[STORED DATA — start]

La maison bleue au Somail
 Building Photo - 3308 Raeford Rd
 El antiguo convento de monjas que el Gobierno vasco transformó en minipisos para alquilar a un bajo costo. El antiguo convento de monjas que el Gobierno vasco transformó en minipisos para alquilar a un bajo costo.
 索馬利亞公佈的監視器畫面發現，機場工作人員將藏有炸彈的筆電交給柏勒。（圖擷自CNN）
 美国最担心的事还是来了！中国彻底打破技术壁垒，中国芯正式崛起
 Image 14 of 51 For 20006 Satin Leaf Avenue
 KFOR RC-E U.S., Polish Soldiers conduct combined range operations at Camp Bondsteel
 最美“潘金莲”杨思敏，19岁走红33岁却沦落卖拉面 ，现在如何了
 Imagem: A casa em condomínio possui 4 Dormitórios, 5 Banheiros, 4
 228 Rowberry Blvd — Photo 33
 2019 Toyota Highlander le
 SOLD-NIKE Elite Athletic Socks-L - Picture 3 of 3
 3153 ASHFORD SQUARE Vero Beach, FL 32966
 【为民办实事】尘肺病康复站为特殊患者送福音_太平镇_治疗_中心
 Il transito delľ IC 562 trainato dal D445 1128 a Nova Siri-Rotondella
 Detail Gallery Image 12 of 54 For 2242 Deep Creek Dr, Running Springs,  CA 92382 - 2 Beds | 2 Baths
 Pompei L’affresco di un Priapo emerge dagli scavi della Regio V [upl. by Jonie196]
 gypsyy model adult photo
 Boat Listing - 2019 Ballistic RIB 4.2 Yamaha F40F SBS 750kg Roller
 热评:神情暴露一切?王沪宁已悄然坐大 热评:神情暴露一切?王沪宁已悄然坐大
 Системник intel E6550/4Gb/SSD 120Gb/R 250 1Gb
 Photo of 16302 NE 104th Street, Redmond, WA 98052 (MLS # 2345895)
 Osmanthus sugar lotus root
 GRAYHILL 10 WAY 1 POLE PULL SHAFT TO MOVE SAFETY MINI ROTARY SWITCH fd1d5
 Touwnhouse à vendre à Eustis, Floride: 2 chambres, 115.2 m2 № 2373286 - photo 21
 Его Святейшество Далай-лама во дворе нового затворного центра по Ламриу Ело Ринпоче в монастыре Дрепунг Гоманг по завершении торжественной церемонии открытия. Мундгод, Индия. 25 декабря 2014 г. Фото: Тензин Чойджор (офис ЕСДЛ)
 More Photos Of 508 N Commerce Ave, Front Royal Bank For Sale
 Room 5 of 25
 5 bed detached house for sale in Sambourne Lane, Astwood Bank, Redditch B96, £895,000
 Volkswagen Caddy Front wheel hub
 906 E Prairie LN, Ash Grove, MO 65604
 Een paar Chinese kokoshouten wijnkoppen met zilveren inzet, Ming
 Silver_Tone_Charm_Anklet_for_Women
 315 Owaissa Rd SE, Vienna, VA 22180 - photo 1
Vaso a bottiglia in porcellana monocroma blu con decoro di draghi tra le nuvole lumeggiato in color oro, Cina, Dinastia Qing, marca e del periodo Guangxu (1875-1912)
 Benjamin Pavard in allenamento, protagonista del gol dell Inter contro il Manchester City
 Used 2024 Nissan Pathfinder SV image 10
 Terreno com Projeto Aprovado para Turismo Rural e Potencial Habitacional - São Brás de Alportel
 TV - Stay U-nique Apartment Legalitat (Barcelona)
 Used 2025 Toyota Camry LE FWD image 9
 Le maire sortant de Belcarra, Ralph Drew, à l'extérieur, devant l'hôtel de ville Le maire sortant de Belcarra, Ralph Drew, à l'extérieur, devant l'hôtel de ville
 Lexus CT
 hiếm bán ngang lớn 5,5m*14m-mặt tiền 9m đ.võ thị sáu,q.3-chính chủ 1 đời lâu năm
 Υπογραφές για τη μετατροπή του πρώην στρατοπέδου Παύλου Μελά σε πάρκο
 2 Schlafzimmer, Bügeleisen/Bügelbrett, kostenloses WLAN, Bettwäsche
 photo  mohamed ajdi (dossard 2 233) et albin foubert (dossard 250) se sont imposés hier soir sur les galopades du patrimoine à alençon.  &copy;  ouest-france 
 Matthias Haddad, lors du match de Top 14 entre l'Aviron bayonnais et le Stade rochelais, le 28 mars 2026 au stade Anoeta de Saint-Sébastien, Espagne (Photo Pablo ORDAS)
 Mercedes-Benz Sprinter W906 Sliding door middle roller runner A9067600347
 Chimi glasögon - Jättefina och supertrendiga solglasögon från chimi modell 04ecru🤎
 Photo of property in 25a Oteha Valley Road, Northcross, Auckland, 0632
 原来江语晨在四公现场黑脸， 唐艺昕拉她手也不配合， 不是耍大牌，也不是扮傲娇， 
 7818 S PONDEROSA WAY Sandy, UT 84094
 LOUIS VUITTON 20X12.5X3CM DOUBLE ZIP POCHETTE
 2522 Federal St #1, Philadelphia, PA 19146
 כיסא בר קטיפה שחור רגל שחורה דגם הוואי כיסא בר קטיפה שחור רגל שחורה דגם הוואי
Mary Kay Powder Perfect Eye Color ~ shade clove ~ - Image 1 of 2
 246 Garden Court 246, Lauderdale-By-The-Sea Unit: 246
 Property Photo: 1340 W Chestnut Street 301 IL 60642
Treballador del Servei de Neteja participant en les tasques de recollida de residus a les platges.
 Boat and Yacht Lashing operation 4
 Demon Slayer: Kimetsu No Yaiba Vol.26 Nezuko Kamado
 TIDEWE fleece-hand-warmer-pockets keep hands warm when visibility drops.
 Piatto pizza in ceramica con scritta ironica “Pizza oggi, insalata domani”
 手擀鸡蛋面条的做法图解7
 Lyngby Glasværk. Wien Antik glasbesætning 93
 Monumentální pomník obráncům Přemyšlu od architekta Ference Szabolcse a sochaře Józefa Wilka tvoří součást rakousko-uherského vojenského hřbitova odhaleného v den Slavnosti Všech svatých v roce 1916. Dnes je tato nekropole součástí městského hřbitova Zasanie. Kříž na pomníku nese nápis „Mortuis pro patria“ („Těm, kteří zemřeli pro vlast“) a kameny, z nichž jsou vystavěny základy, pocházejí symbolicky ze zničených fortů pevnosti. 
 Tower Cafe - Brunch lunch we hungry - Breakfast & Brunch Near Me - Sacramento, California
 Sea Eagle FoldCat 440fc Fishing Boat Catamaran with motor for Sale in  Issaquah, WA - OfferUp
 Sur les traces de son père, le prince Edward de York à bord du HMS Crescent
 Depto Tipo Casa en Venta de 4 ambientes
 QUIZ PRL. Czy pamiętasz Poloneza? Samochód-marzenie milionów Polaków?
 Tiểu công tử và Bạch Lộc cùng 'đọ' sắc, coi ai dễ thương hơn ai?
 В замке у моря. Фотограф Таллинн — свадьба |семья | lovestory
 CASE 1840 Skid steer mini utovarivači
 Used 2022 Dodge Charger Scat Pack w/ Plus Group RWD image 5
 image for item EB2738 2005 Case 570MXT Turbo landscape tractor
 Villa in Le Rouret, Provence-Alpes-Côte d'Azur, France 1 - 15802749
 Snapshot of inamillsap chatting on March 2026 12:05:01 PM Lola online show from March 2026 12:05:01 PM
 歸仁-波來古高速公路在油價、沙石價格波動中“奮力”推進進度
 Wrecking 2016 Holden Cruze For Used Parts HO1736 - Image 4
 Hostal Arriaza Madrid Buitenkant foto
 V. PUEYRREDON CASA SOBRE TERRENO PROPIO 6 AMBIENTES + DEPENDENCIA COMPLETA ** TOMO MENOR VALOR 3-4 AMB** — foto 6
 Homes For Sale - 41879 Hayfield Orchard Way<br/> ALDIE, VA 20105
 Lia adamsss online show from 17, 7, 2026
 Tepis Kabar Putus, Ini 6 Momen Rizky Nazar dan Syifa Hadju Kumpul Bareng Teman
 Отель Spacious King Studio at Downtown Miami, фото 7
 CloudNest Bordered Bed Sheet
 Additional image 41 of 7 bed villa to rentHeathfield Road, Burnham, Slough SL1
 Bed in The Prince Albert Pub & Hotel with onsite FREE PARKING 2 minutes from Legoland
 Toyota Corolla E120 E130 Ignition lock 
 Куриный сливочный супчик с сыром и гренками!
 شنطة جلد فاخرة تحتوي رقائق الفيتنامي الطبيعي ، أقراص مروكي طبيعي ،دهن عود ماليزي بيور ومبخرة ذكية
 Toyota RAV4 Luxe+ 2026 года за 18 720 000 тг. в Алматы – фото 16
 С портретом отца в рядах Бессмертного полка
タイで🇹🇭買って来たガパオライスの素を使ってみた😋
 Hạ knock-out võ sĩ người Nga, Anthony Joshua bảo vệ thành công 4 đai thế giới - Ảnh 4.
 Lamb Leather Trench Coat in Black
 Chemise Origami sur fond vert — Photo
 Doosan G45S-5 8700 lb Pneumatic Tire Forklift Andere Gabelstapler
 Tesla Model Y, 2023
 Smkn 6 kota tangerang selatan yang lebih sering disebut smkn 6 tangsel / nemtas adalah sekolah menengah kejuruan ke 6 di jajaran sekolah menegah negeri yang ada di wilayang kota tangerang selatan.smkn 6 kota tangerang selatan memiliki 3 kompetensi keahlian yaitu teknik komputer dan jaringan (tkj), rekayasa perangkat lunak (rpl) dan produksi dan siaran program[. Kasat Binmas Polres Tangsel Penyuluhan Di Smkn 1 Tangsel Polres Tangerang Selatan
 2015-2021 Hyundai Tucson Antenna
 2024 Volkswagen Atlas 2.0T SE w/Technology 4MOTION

[STORED DATA — finish]

- PROBLEM DESCRIPTION
Your task is to retype the entries verbatim, starting with the line that holds "Lia adamsss online show from 17, 7, 2026" and stopping after the line that holds "Tesla Model Y, 2023".

- RESULT
 Lia adamsss online show from 17, 7, 2026
 Tepis Kabar Putus, Ini 6 Momen Rizky Nazar dan Syifa Hadju Kumpul Bareng Teman
 Отель Spacious King Studio at Downtown Miami, фото 7
 CloudNest Bordered Bed Sheet
 Additional image 41 of 7 bed villa to rentHeathfield Road, Burnham, Slough SL1
 Bed in The Prince Albert Pub & Hotel with onsite FREE PARKING 2 minutes from Legoland
 Toyota Corolla E120 E130 Ignition lock 
 Куриный сливочный супчик с сыром и гренками!
 شنطة جلد فاخرة تحتوي رقائق الفيتنامي الطبيعي ، أقراص مروكي طبيعي ،دهن عود ماليزي بيور ومبخرة ذكية
 Toyota RAV4 Luxe+ 2026 года за 18 720 000 тг. в Алматы – фото 16
 С портретом отца в рядах Бессмертного полка
タイで🇹🇭買って来たガパオライスの素を使ってみた😋
 Hạ knock-out võ sĩ người Nga, Anthony Joshua bảo vệ thành công 4 đai thế giới - Ảnh 4.
 Lamb Leather Trench Coat in Black
 Chemise Origami sur fond vert — Photo
 Doosan G45S-5 8700 lb Pneumatic Tire Forklift Andere Gabelstapler
 Tesla Model Y, 2023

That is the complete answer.